Excerpts from a dataset
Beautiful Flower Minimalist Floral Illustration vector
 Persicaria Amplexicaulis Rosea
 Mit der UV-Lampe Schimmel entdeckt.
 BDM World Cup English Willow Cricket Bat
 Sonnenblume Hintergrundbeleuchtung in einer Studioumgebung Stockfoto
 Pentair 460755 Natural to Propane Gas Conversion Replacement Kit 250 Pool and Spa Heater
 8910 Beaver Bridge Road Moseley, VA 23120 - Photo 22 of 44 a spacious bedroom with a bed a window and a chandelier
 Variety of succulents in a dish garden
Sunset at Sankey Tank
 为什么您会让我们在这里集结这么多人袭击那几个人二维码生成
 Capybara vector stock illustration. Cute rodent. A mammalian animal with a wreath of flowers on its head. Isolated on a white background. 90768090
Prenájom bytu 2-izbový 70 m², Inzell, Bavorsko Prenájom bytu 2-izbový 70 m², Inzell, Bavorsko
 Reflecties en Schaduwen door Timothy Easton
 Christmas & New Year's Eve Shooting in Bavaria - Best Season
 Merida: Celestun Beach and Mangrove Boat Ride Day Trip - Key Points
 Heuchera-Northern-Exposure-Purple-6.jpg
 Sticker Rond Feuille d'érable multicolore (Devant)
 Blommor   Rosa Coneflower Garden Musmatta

_How to complete this task:_ Your output must contain exactly the lines from the one containing "Variety of succulents in a dish garden" to the final line of the data above, and no other text.

_Exercise response:_
 Variety of succulents in a dish garden
Sunset at Sankey Tank
 为什么您会让我们在这里集结这么多人袭击那几个人二维码生成
 Capybara vector stock illustration. Cute rodent. A mammalian animal with a wreath of flowers on its head. Isolated on a white background. 90768090
Prenájom bytu 2-izbový 70 m², Inzell, Bavorsko Prenájom bytu 2-izbový 70 m², Inzell, Bavorsko
 Reflecties en Schaduwen door Timothy Easton
 Christmas & New Year's Eve Shooting in Bavaria - Best Season
 Merida: Celestun Beach and Mangrove Boat Ride Day Trip - Key Points
 Heuchera-Northern-Exposure-Purple-6.jpg
 Sticker Rond Feuille d'érable multicolore (Devant)
 Blommor   Rosa Coneflower Garden Musmatta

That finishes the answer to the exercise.